**WHAT TO PRODUCE**. Below are the records; extract from them the line containing "CARTIER BALLON BLEU" to the line containing "Nadia-Mahala de noroi", both lines included, exactly and with no pictures.

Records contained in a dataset
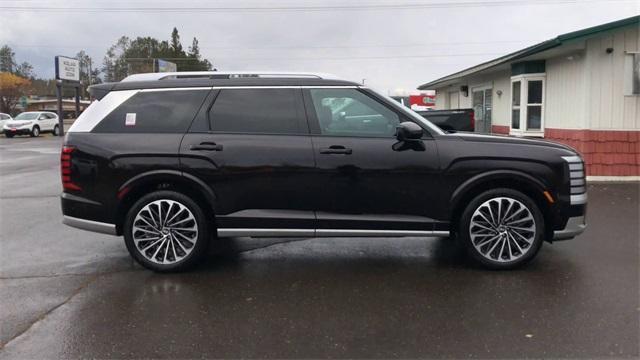 new 2026 Hyundai Palisade car, priced at $54,596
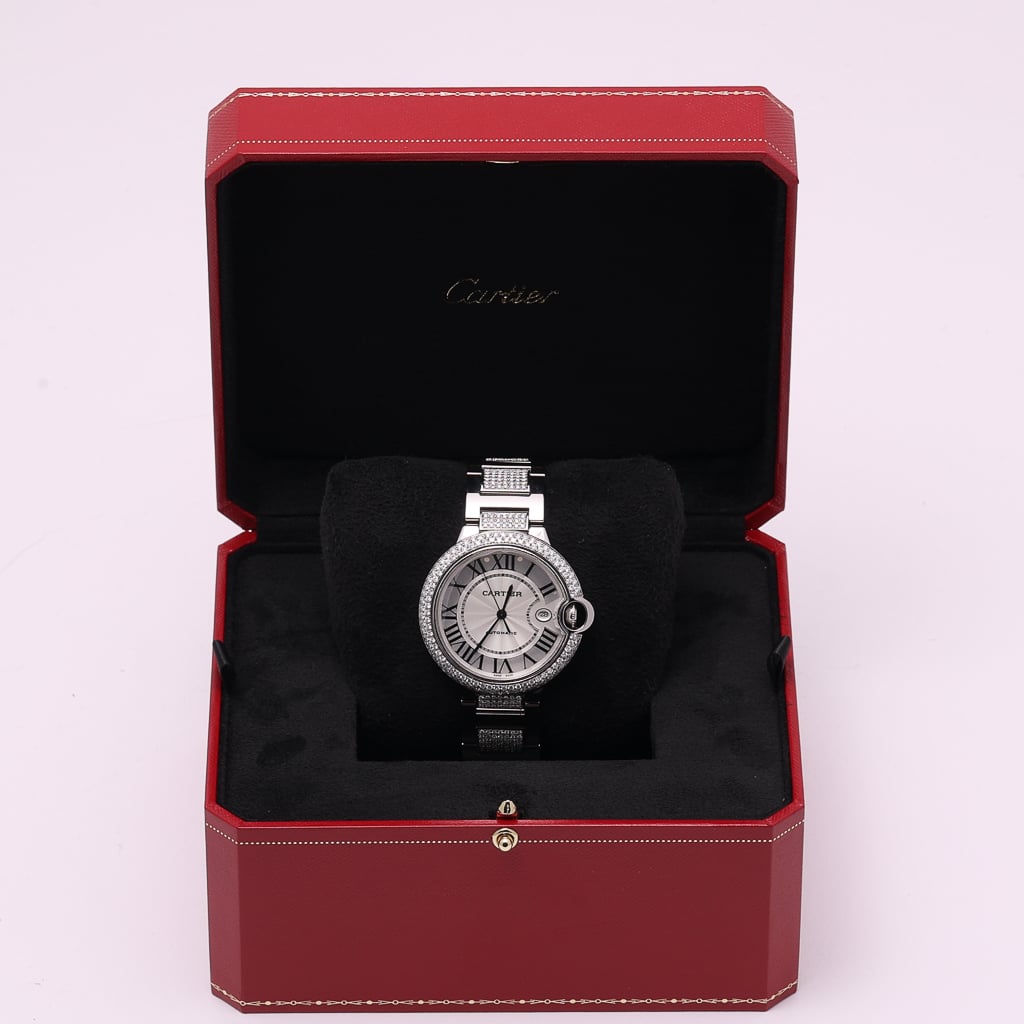 CARTIER BALLON BLEU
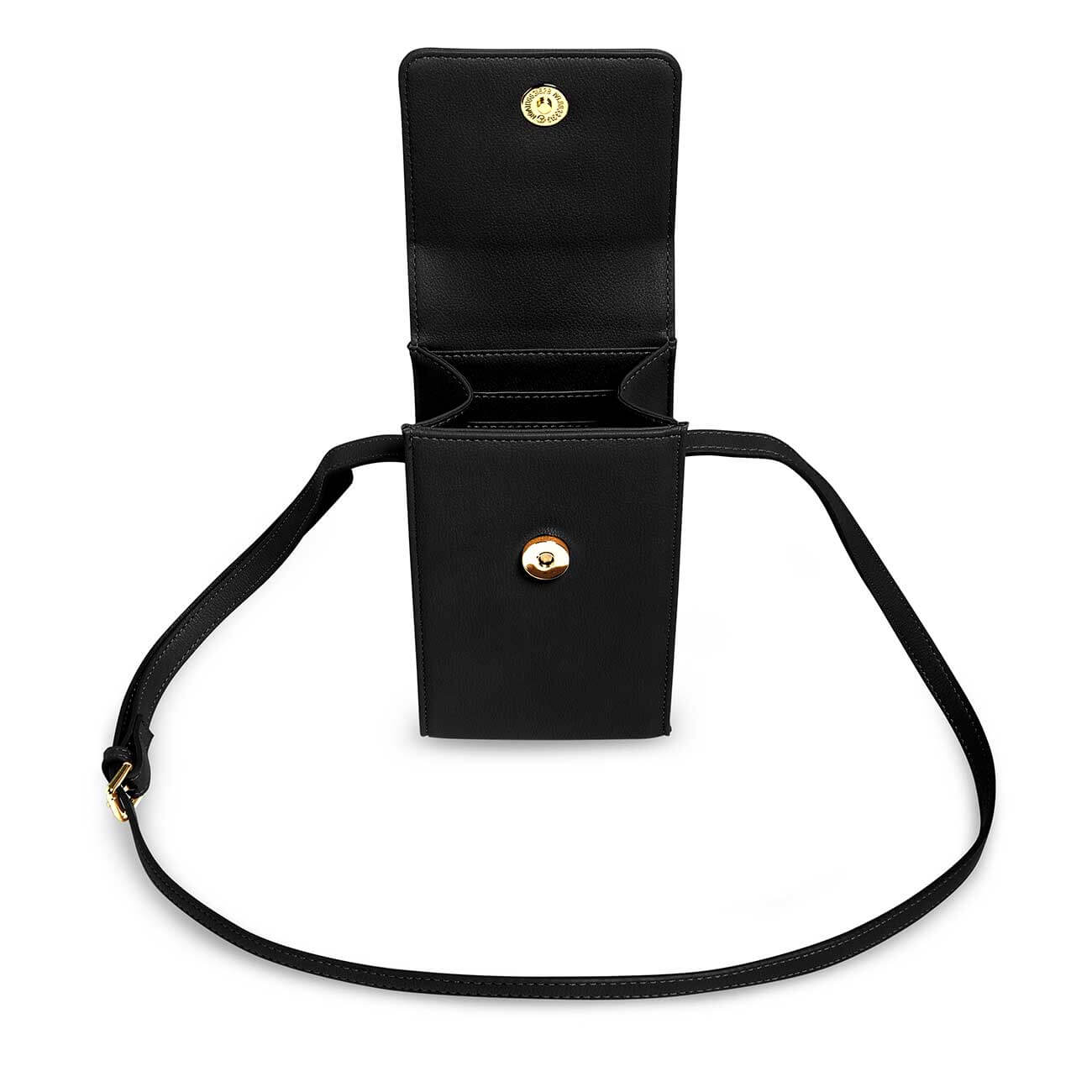 Taylor Crossbody Bag | Black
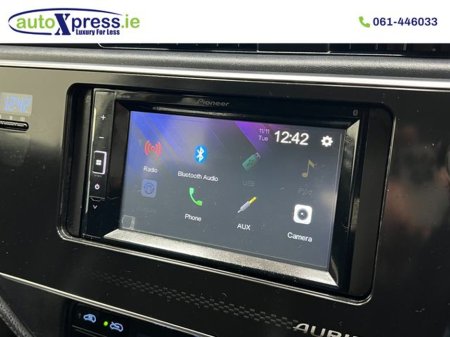 2016 Toyota Auris 1.8 Automatic, Hybrid, Reversing camera €12,895 thumbnail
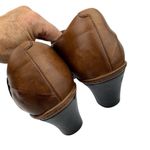 Rockport by Cobb Hill Shoes Womens 11W Brown Leather Comfort Shootie Bootie Size 11 Photo 6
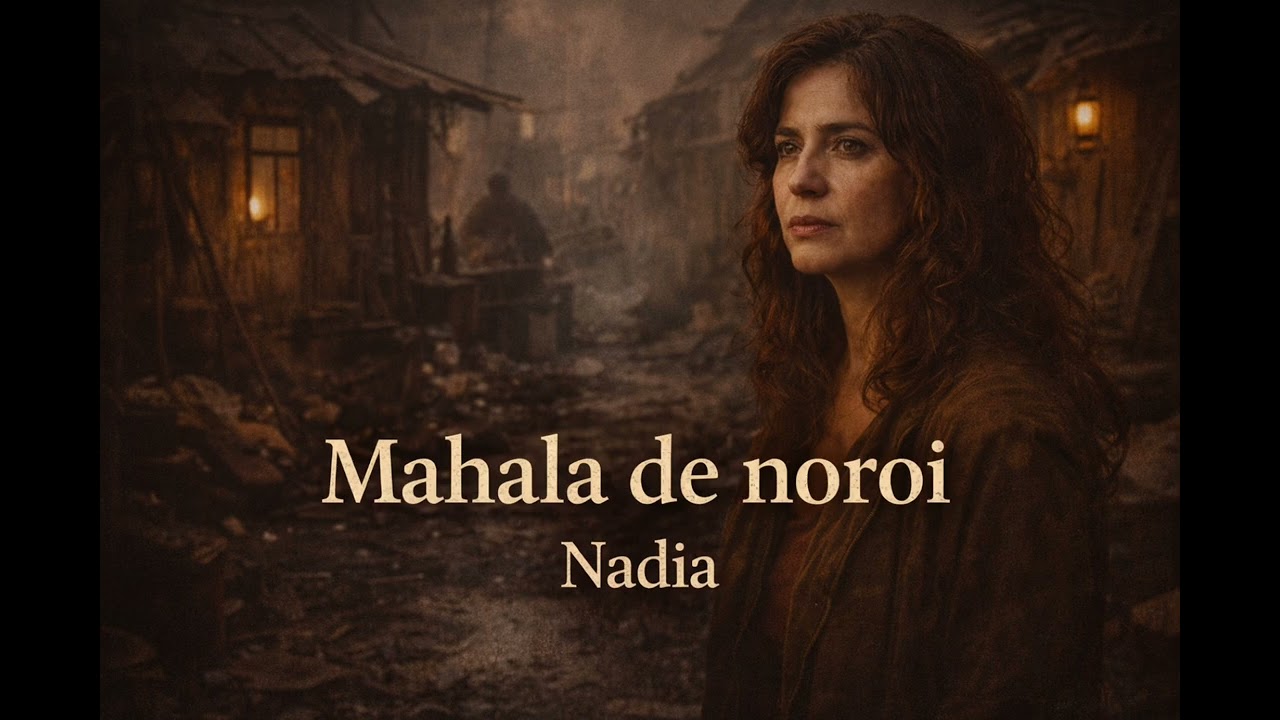 Nadia-Mahala de noroi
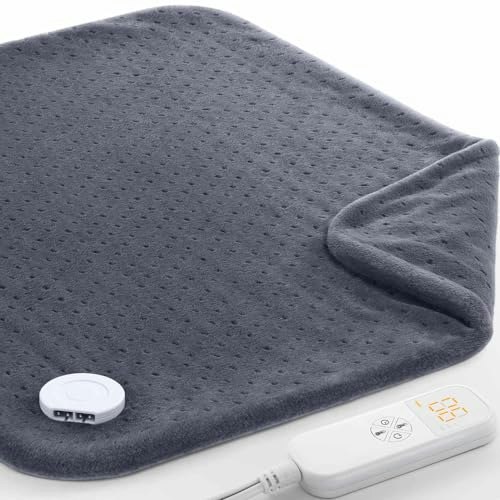 Heating Pad for Back Pain and Cramps: $13.72 Heating Pad for Back Pain and Cramps: $13.72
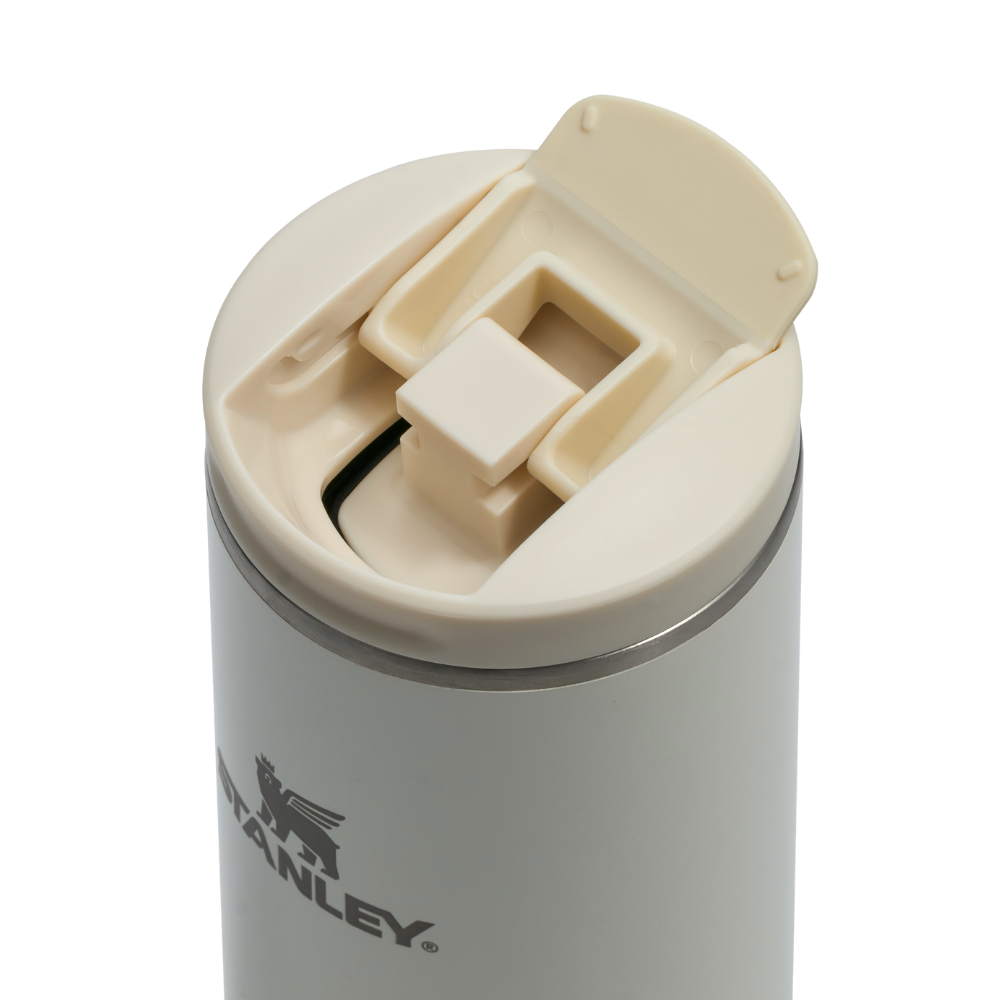 The Transit Fliptop Mug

**REPLY TO THE EXERCISE**.
 CARTIER BALLON BLEU
 Taylor Crossbody Bag | Black
 2016 Toyota Auris 1.8 Automatic, Hybrid, Reversing camera €12,895 thumbnail
 Rockport by Cobb Hill Shoes Womens 11W Brown Leather Comfort Shootie Bootie Size 11 Photo 6
 Nadia-Mahala de noroi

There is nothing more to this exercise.